Neoadjuvant Chemotherapy in Breast Cancer

  • The administration of neoadjuvant chemotherapy (NAC):
    • Offers several advantages in locally advanced breast cancer:
      • It allows for downstaging the disease:
      • Which can potentially allow for less extensive surgery in the breast and axilla
    • It also provides information regarding the responsiveness of the cancer to systemic therapy while the tumor remains in vivo:
      • Which can guide the course of therapy
  • Administering chemotherapy in the neoadjuvant vs. adjuvant setting:
    • Does not change overall survival:
      • As demonstrated in the National Surgical Adjuvant Breast and Bowel Project (NSABP) B-18 and NSABP B-27 trials
  • The patient’s response to chemotherapy:
    • However, does offer prognostic information:
      • Particularly in patients with hormone receptor negative (HR-) disease
  • Patients who achieve pathologic complete response (pCR):
    • Which is typically defined as no residual invasive disease in the breast or axilla:
      • Appear to have improved event-free survival (EFS) and overall survival (OS) compared with patients with residual disease
      • This finding was demonstrated by a recent meta-analysis that included 36 studies including 5,768 patients with HER2 positive breast cancer:
        • This correlation was strongest in patients with HR- disease
      • Further, among patients with HER2 positive disease that do not have a pCR:
        • The degree of residual cancer burden appears to correlate with outcomes
  • Patients with HER2 positive tumors:
    • May complete up to 1 year of HER2-targeted therapy with trastuzamab ± pertuzamab
  • When planning surgery:
    • The pre-treatment volume does not need to be excised if the tumor has responded to chemotherapy:
      • However if multifocal disease is present, the satellite lesion(s) should be localized and excised with the index lesion
    • When considering the appropriateness for breast conservation following NAC, the distance between the lesions, location, and breast size must be considered
    • Placement of clips in the index lesion and any satellite lesions prior to initiation of NAC is critical for appropriate surgical planning post-NAC
  • References:
    • Rastogi P, Anderson SJ, Bear HD. Preoperative chemotherapy: updates of National Surgical Adjuvant Breast and Bowel Project Protocols B-18 and B-27. J Clin Oncol. 2008; 10;26(5):778-785.

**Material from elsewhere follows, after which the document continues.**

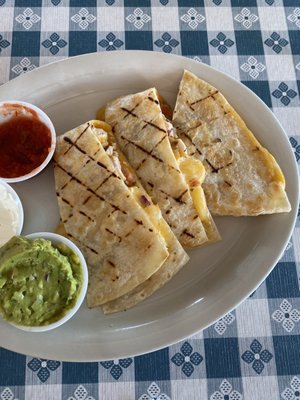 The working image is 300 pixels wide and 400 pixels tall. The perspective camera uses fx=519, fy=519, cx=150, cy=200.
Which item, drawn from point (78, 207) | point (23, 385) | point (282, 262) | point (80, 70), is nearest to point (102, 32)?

    • Broglio KR, Quintana M, Foster M, et al. Association of pathologic complete response to neoadjuvant therapy in HER2-positive breast cancer with long-term outcomes: a meta-analysis. JAMA Oncol. 2016;2(6):751-760.
    • Symmans WF, Wei C, Gould R, et al. Long-term prognostic risk after neoadjuvant chemotherapy associated with residual cancer burden and breast cancer subtype. J Clin Oncol. 2017;35(10):1049-1060.
    • Boughey JC, Peintinger F, Meric-Bernstam F, et al. Impact of preoperative versus postoperative chemotherapy on the extent and number of surgical procedures in patients treated in randomized clinical trials for breast cancer. Ann Surg.2006;244(3):464-470.